[[ Source records, beginning ]]

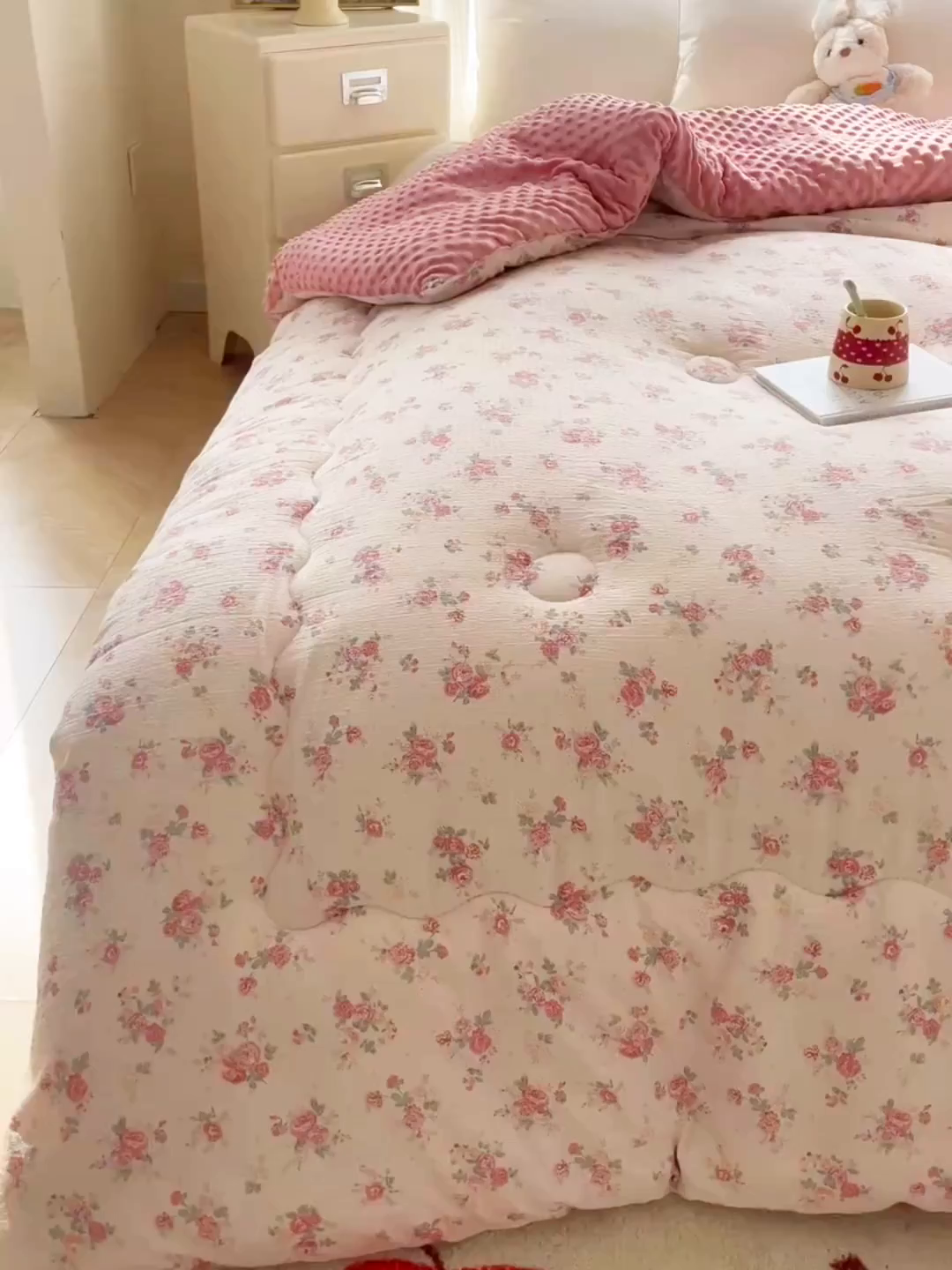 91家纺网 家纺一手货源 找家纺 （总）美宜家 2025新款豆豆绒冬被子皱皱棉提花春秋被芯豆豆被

[[ Source records, end ]]
[[ Source records, beginning ]]

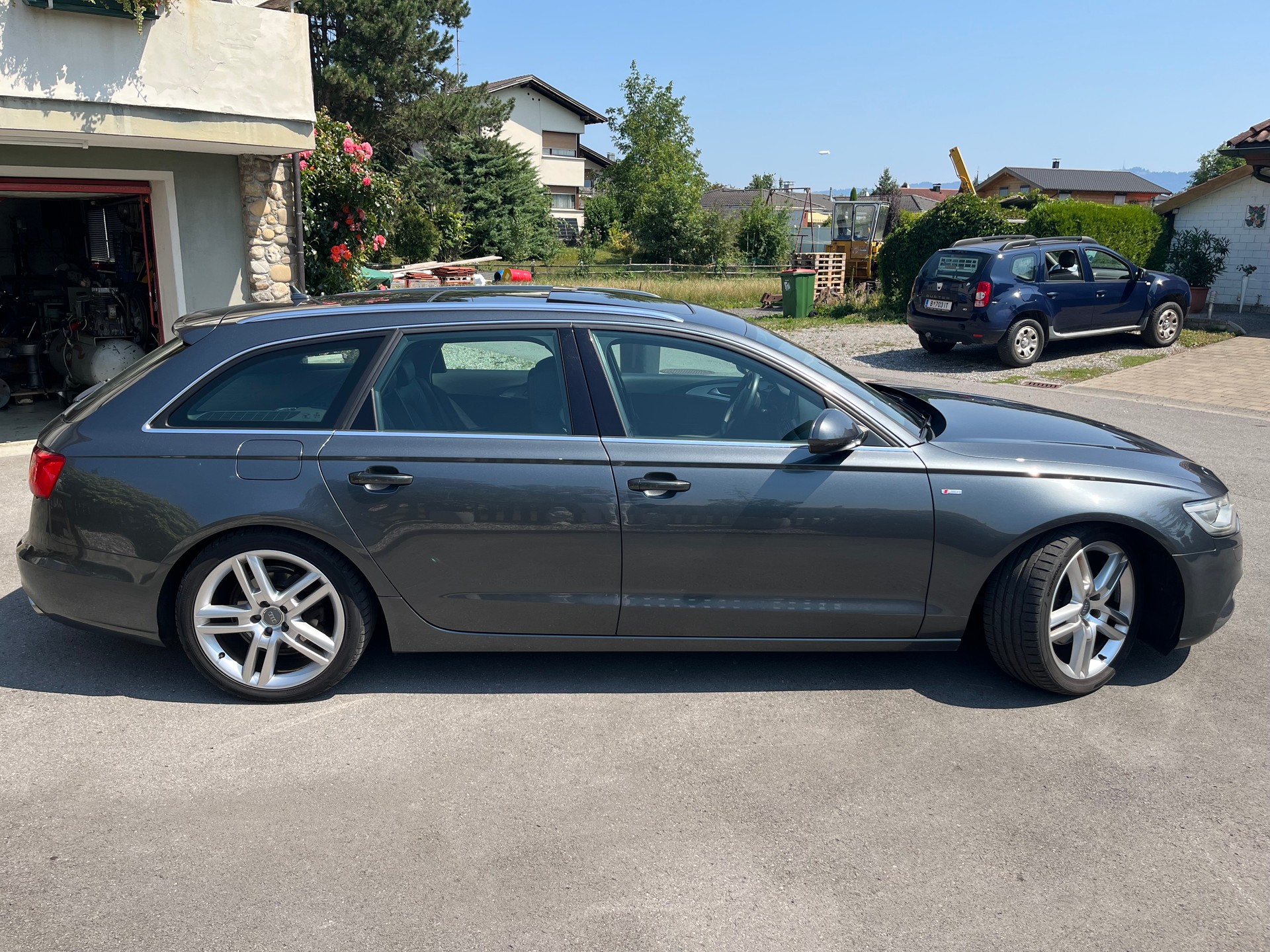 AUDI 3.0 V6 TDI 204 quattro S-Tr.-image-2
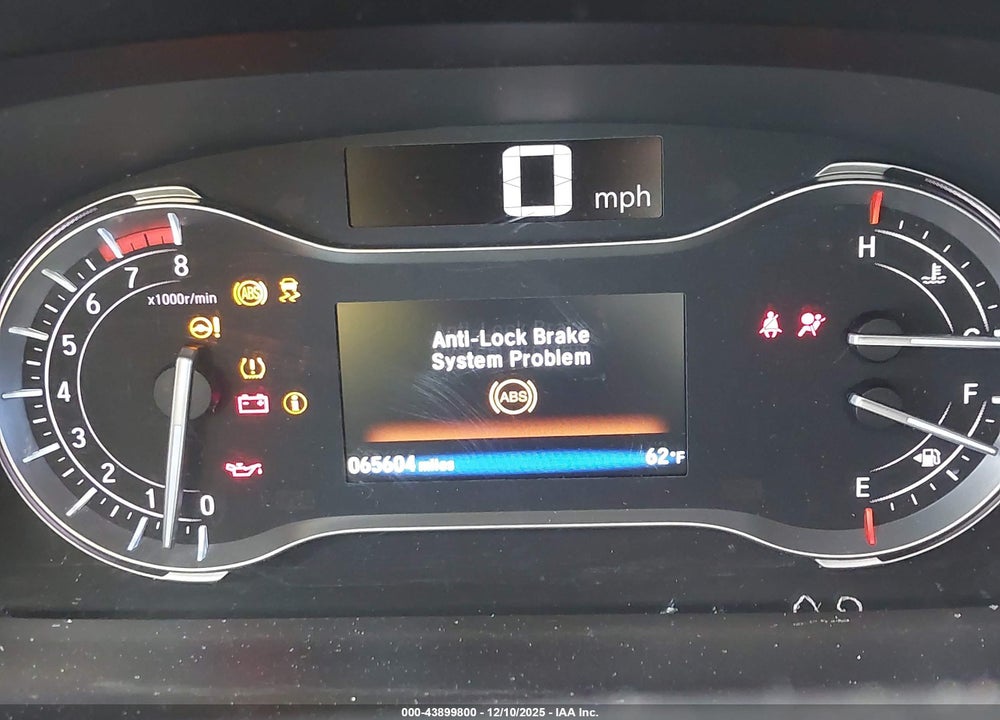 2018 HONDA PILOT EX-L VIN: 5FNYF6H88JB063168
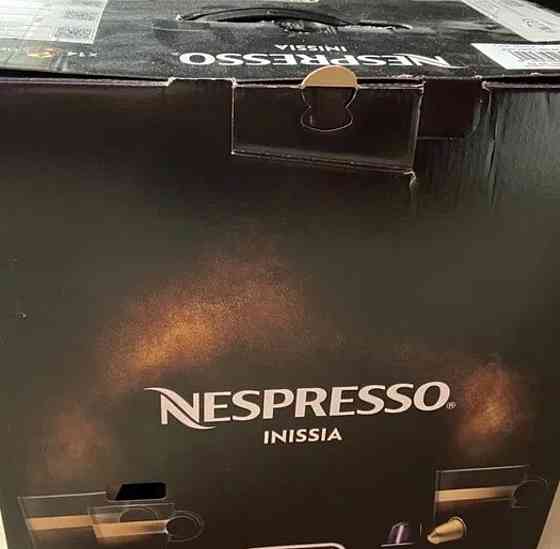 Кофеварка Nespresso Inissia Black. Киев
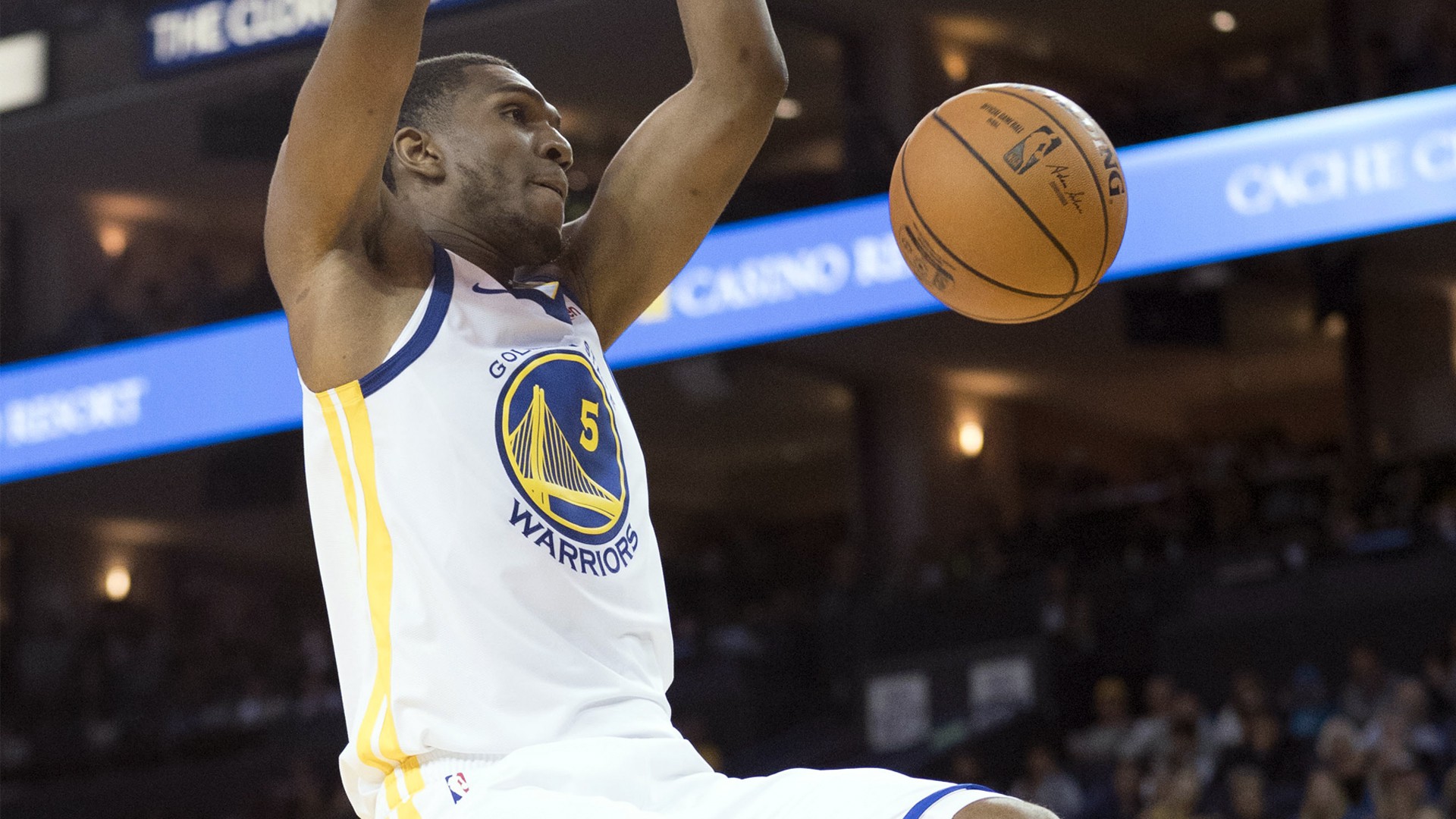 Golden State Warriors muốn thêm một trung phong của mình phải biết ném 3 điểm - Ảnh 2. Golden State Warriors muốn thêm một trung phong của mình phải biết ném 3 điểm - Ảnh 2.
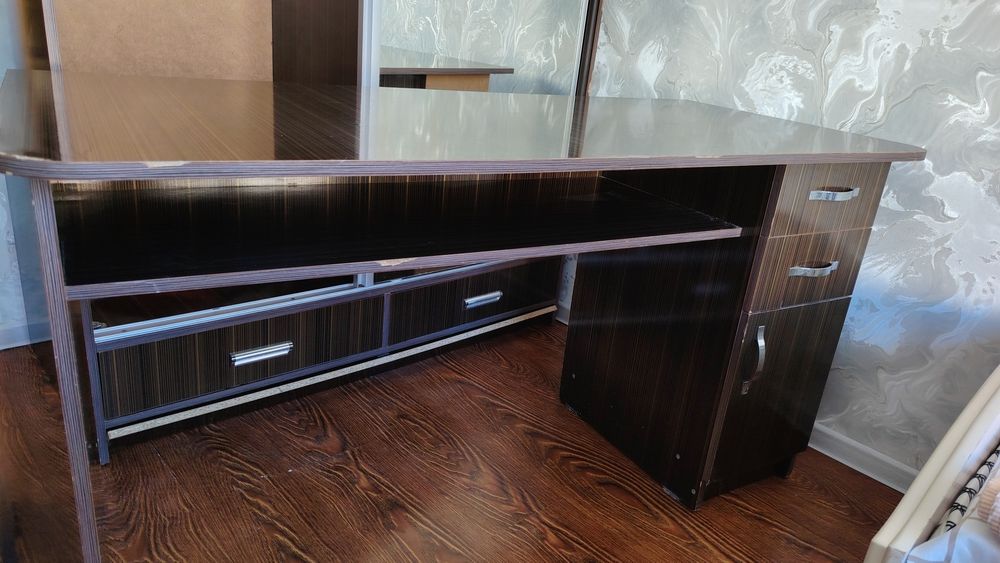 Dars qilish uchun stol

[[ Source records, end ]]

# What is needed:
Above are some records; quote exactly and only the lines that begin at the line containing "2018 HONDA PILOT EX-L VIN: 5FNYF6H88JB063168" and stop after the line containing "Dars qilish uchun stol", leaving out the pictures.

# Answer section:
 2018 HONDA PILOT EX-L VIN: 5FNYF6H88JB063168
 Кофеварка Nespresso Inissia Black. Киев
 Golden State Warriors muốn thêm một trung phong của mình phải biết ném 3 điểm - Ảnh 2. Golden State Warriors muốn thêm một trung phong của mình phải biết ném 3 điểm - Ảnh 2.
 Dars qilish uchun stol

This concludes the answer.